When I should consult my health care providers first:
- If you are pregnant, could be pregnant or are breastfeeding
- Have a bleeding disorder or weakened immunity due to illness or treatment
- Have known severe allergies/reactions to any vaccine ingredients. (such as polyethylene glycol (PEG) within Pfizer/Moderna, tromethamine within Moderna, or polysorbate under AstraZeneca)
How to get Vaccinated:
Please check your local health authority to get information on access and location.

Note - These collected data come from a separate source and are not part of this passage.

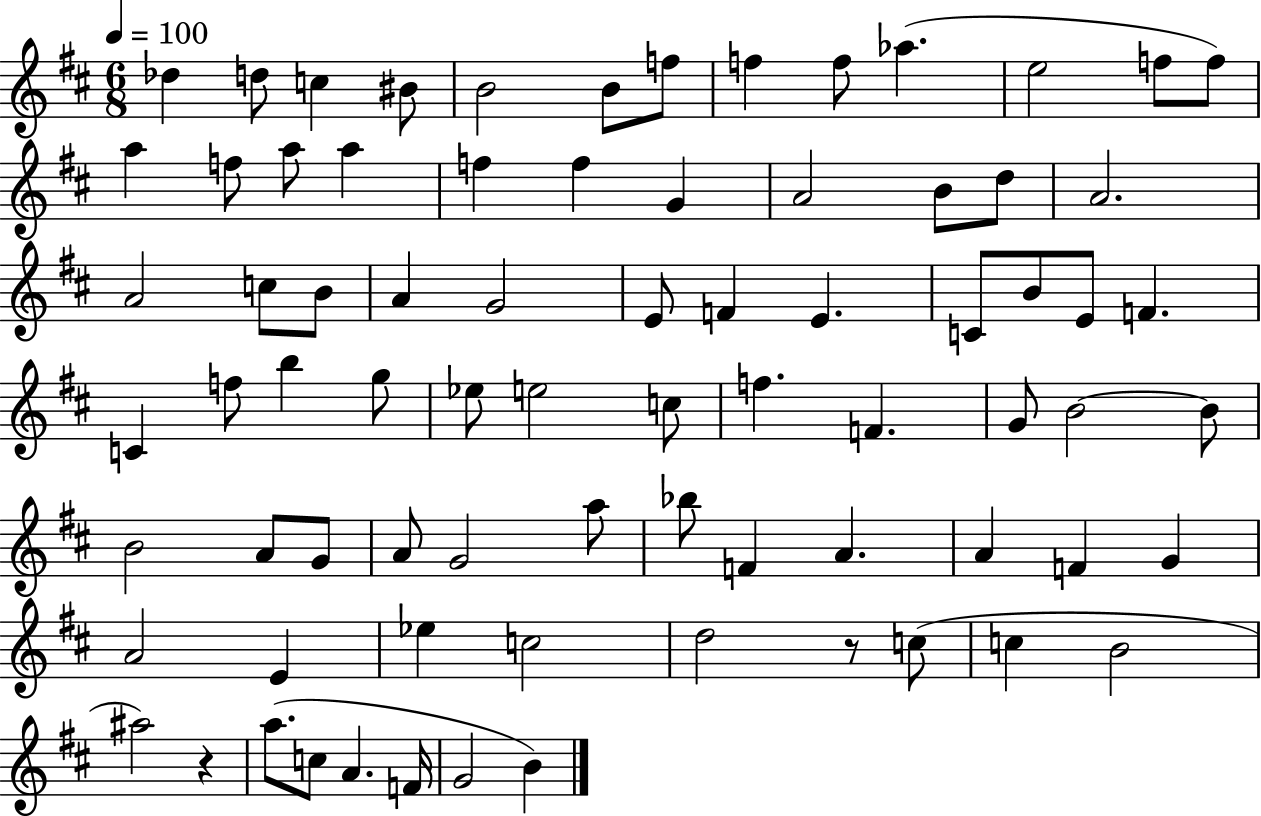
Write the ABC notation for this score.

X:1
T:Untitled
M:6/8
L:1/4
K:D
_d d/2 c ^B/2 B2 B/2 f/2 f f/2 _a e2 f/2 f/2 a f/2 a/2 a f f G A2 B/2 d/2 A2 A2 c/2 B/2 A G2 E/2 F E C/2 B/2 E/2 F C f/2 b g/2 _e/2 e2 c/2 f F G/2 B2 B/2 B2 A/2 G/2 A/2 G2 a/2 _b/2 F A A F G A2 E _e c2 d2 z/2 c/2 c B2 ^a2 z a/2 c/2 A F/4 G2 B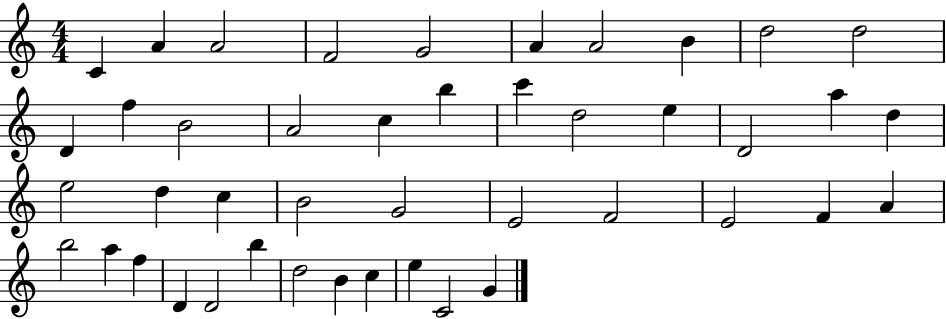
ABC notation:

X:1
T:Untitled
M:4/4
L:1/4
K:C
C A A2 F2 G2 A A2 B d2 d2 D f B2 A2 c b c' d2 e D2 a d e2 d c B2 G2 E2 F2 E2 F A b2 a f D D2 b d2 B c e C2 G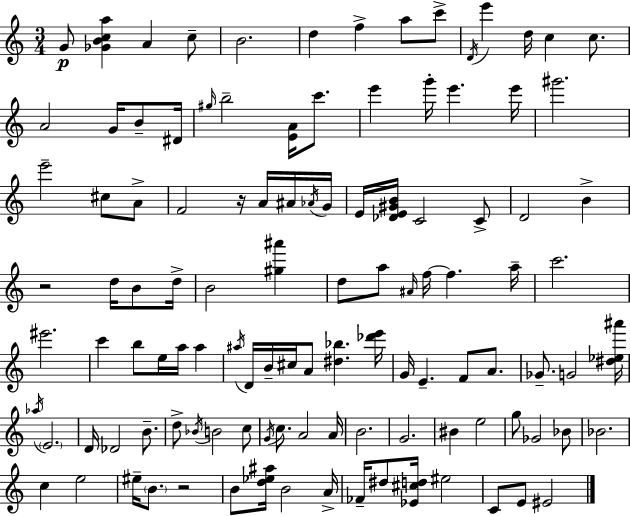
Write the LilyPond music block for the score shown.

{
  \clef treble
  \numericTimeSignature
  \time 3/4
  \key a \minor
  g'8\p <ges' b' c'' a''>4 a'4 c''8-- | b'2. | d''4 f''4-> a''8 c'''8-> | \acciaccatura { d'16 } e'''4 d''16 c''4 c''8. | \break a'2 g'16 b'8-- | dis'16 \grace { gis''16 } b''2-- <e' a'>16 c'''8. | e'''4 g'''16-. e'''4. | e'''16 gis'''2. | \break e'''2-- cis''8 | a'8-> f'2 r16 a'16 | ais'16 \acciaccatura { aes'16 } g'16 e'16 <des' e' gis' b'>16 c'2 | c'8-> d'2 b'4-> | \break r2 d''16 | b'8 d''16-> b'2 <gis'' ais'''>4 | d''8 a''8 \grace { ais'16 } f''16~~ f''4. | a''16-- c'''2. | \break eis'''2. | c'''4 b''8 e''16 a''16 | a''4 \acciaccatura { ais''16 } d'16 b'16-- cis''16 a'8 <dis'' bes''>4. | <des''' e'''>16 g'16 e'4.-- | \break f'8 a'8. ges'8.-- g'2 | <dis'' ees'' ais'''>16 \acciaccatura { aes''16 } \parenthesize e'2. | d'16 des'2 | b'8.-- d''8-> \acciaccatura { bes'16 } b'2 | \break c''8 \acciaccatura { g'16 } c''8. a'2 | a'16 b'2. | g'2. | bis'4 | \break e''2 g''8 ges'2 | bes'8 bes'2. | c''4 | e''2 eis''16-- \parenthesize b'8. | \break r2 b'8 <d'' ees'' ais''>16 b'2 | a'16-> fes'16-- dis''8 <ees' cis'' d''>16 | eis''2 c'8 e'8 | eis'2 \bar "|."
}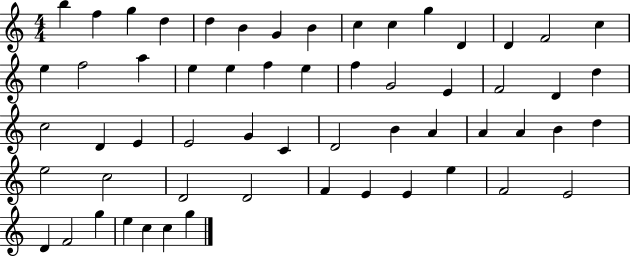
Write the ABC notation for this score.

X:1
T:Untitled
M:4/4
L:1/4
K:C
b f g d d B G B c c g D D F2 c e f2 a e e f e f G2 E F2 D d c2 D E E2 G C D2 B A A A B d e2 c2 D2 D2 F E E e F2 E2 D F2 g e c c g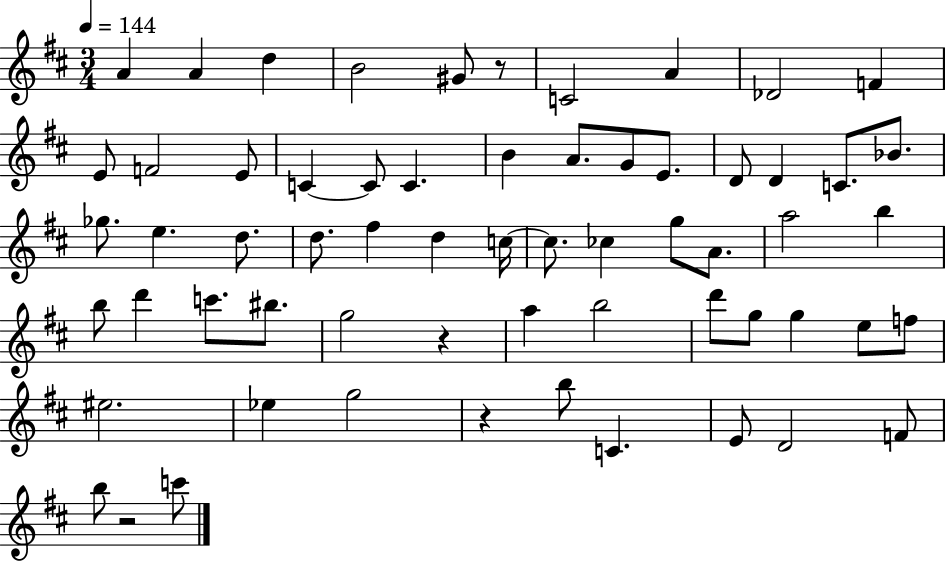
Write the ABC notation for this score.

X:1
T:Untitled
M:3/4
L:1/4
K:D
A A d B2 ^G/2 z/2 C2 A _D2 F E/2 F2 E/2 C C/2 C B A/2 G/2 E/2 D/2 D C/2 _B/2 _g/2 e d/2 d/2 ^f d c/4 c/2 _c g/2 A/2 a2 b b/2 d' c'/2 ^b/2 g2 z a b2 d'/2 g/2 g e/2 f/2 ^e2 _e g2 z b/2 C E/2 D2 F/2 b/2 z2 c'/2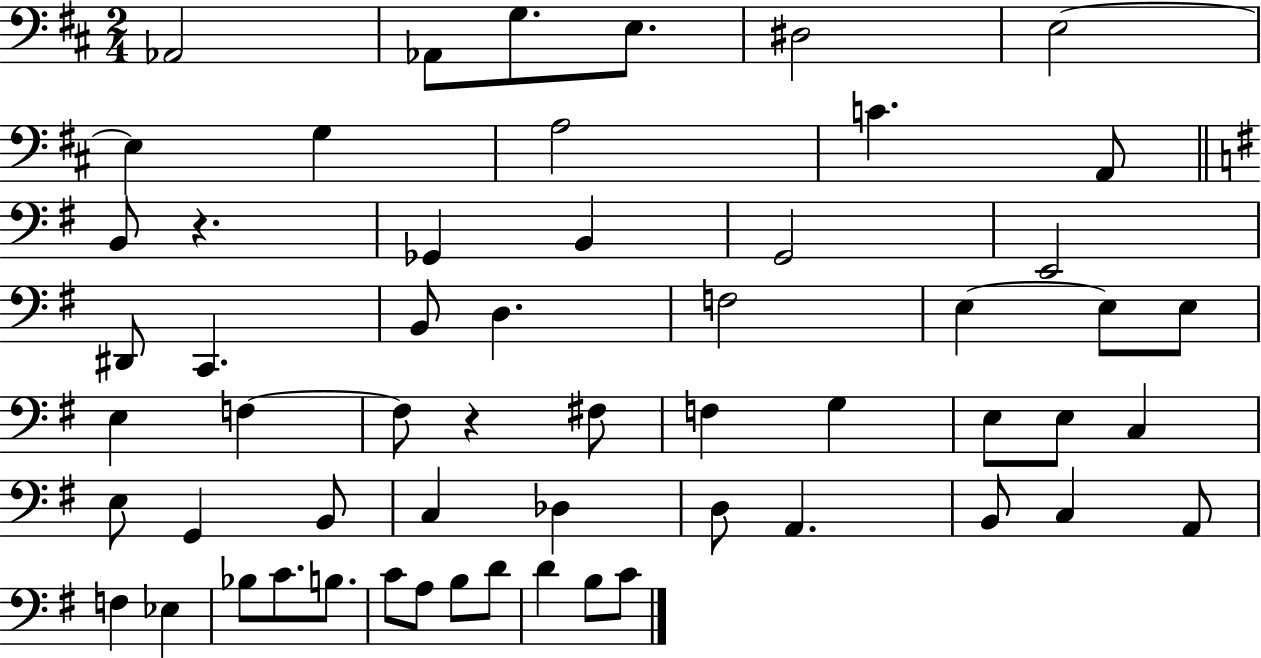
X:1
T:Untitled
M:2/4
L:1/4
K:D
_A,,2 _A,,/2 G,/2 E,/2 ^D,2 E,2 E, G, A,2 C A,,/2 B,,/2 z _G,, B,, G,,2 E,,2 ^D,,/2 C,, B,,/2 D, F,2 E, E,/2 E,/2 E, F, F,/2 z ^F,/2 F, G, E,/2 E,/2 C, E,/2 G,, B,,/2 C, _D, D,/2 A,, B,,/2 C, A,,/2 F, _E, _B,/2 C/2 B,/2 C/2 A,/2 B,/2 D/2 D B,/2 C/2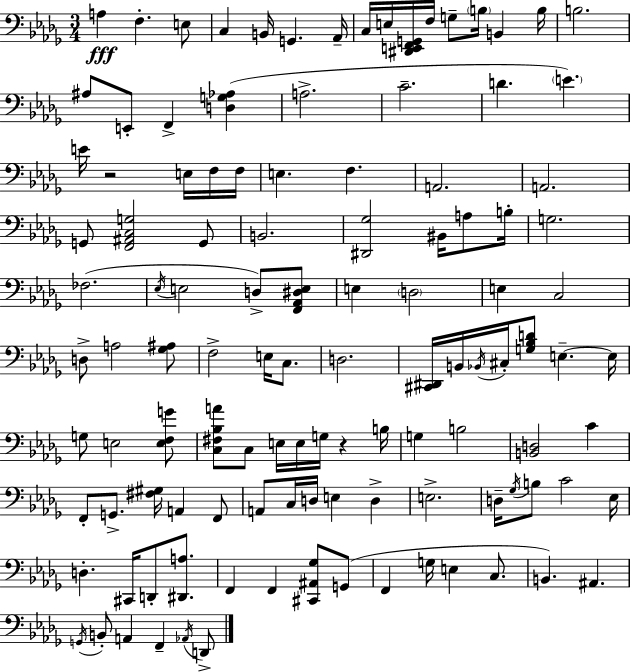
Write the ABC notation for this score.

X:1
T:Untitled
M:3/4
L:1/4
K:Bbm
A, F, E,/2 C, B,,/4 G,, _A,,/4 C,/4 E,/4 [^D,,E,,F,,G,,]/4 F,/4 G,/2 B,/4 B,, B,/4 B,2 ^A,/2 E,,/2 F,, [D,G,_A,] A,2 C2 D E E/4 z2 E,/4 F,/4 F,/4 E, F, A,,2 A,,2 G,,/2 [F,,^A,,C,G,]2 G,,/2 B,,2 [^D,,_G,]2 ^B,,/4 A,/2 B,/4 G,2 _F,2 _E,/4 E,2 D,/2 [F,,_A,,^D,E,]/2 E, D,2 E, C,2 D,/2 A,2 [_G,^A,]/2 F,2 E,/4 C,/2 D,2 [^C,,^D,,]/4 B,,/4 _B,,/4 ^C,/4 [G,_B,D]/2 E, E,/4 G,/2 E,2 [E,F,G]/2 [C,^F,_B,A]/2 C,/2 E,/4 E,/4 G,/4 z B,/4 G, B,2 [B,,D,]2 C F,,/2 G,,/2 [^F,^G,]/4 A,, F,,/2 A,,/2 C,/4 D,/4 E, D, E,2 D,/4 _G,/4 B,/2 C2 _E,/4 D, ^C,,/4 D,,/2 [^D,,A,]/2 F,, F,, [^C,,^A,,_G,]/2 G,,/2 F,, G,/4 E, C,/2 B,, ^A,, G,,/4 B,,/2 A,, F,, _A,,/4 D,,/2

In Toronto, please check Toronto Public Health’s COVID-19 How to Get Vaccinated Website for details and updates.
Practice Safety measures after vaccinations
Until there are enough vaccines for everyone, and until we know that the vaccine prevents the spread of most COVID-19 infections, it is important to continue physical distancing, wearing a mask, and staying home if you are sick. Health care and other staff must still wear personal protective equipment (PPE), even after vaccination.